Aslında beş para etmez bir adam olsam da, gerek haritamın gösterdiği, gerek içten-içe hissetmem üzere özde iyi biri olmam, ayrıca pis yanlarımdan kurtulmak adına canla-başla çabalamam yüzünden benim de (adı her ne ise, fazla üzerinde durmam) söz ettiğim “merci” ile kontağım güçlüdür. Bu yüzden kendimi o “bazı konular”a “kafa takma” ayrıcalığına sahibimdir ve rüyalarla yakın iletişimim vardır. Ancak unutmamak gerekir: Bir beyaz büyücünün kafa takması, normal bir insanın kafa takmasından farklı olduğu için bizlere bu şans verilmiştir. Bizler aslında kafa takmaz, “Nedir bu nedendir?” diye gereksiz araştırmalara girmez, sadece denileni yapacak (bize verilene biraz dikkatle göz atmakla yetinecek) kadar uysal olmayı öğrenmişizdir. Velhasıl söylemek istediğim şudur: Hak edecek düzeyde olduğum için rüyalardan yararlanmam bana öğretilmiştir, ama yine hak edecek düzeyde olduğum için fazla ileri gitmem, bu konuları kurcalamam, kurcalanmaması gerekli riskli alanlar olduğunu bilirim. Zaten bildiğim için beyaz büyücüyümdür ve yine bildiğim için bana söz konusu bilgiler -kendi kendine- gelmektedir.
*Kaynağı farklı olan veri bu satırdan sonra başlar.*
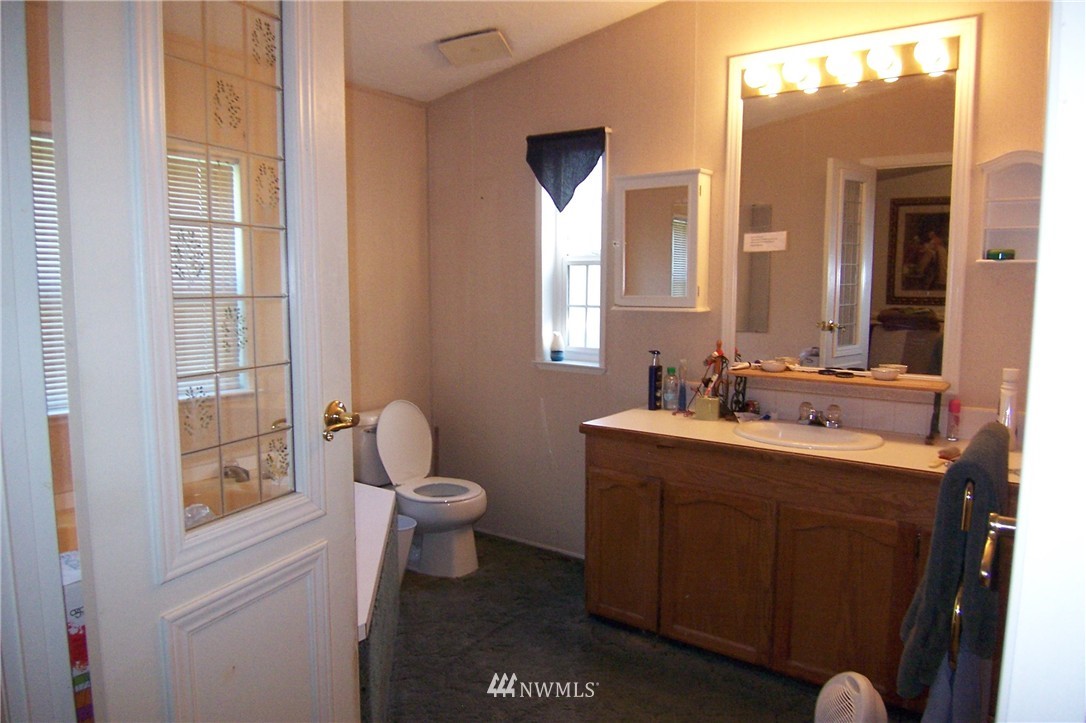 3977 Arvick Road Southeast Port Orchard, WA 98366 - Photo 13 of 21 Gallery Image 13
Özetle; rüyalardan yararlanmak isteyenler (hatta bilinmezlik konusunda ilerlemek isteyenler), tabii ki bilgi adlı değeri kovalamalıdırlar… ama kovalamaları gerekli öncel bilgi kendilerini nasıl daha iyi (evrimselleşmiş) biri yapmak olmalıdır.
Sonrası kendi kendine gelir.
Bu genel bilgiden sonra size geleyim: Bir bilgi lütfedilmiş size… kurcalamayın… ve KABUL EDİN. O artık sizin bilgi haznenizde yer alan bir değer, bir parçanızdır. Onunla ne yapacağınız, size neden bu bilginin geldiği benzeri sorulara zaman içinde, KENDİ KENDİNE, yanıt gelecek olabilir… olmayabilir de.
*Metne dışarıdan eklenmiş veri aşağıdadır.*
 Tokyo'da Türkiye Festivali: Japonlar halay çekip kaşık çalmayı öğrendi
[Beni okuyan kişiler “Bu adam da garip: Bir şeyi kurcalamayın diyor, ama majiyi kurcalayıp duruyor, ne iş?” diye soracak olabilirler. Yanıtım “maji gizemli değil, son derece sıradan ve olağan bir şeydir” şeklinde olacaktır. Maji, elektrik/manyetizma/EM benzeri majikal enerjileri kullanmaktır sadece. Elektrik/manyetizma/EM'i kullanmak için insanlar binyıllarca beklemişler, ama şimdilerde “bıngır-bıngır” hiç de gizem-mizem lafları olmadan kullanılmaktadırlar. Maji de bu kuvvetlerden (ya da enerjilerden) biridir. Kötü olan odur ki, henüz sadece beyin ile yapılmaktadır; gün gelecek majikal güçler denilen dalga boylarını kullanmak için de aletler (ekipmanlar) icat edilecektir. Bu konuya bir örnek vereyim: Ortaçağda yaşamakta olan bir adama kızıl ötesi ışınlardan söz etseniz sizi belki de "tanrıya eş koşmak" gerekçesi ile engiziasyona şikayet ederdi. Oysa bu gün infra red lambalarla romatizmal hastalıklar iyi ediliyor.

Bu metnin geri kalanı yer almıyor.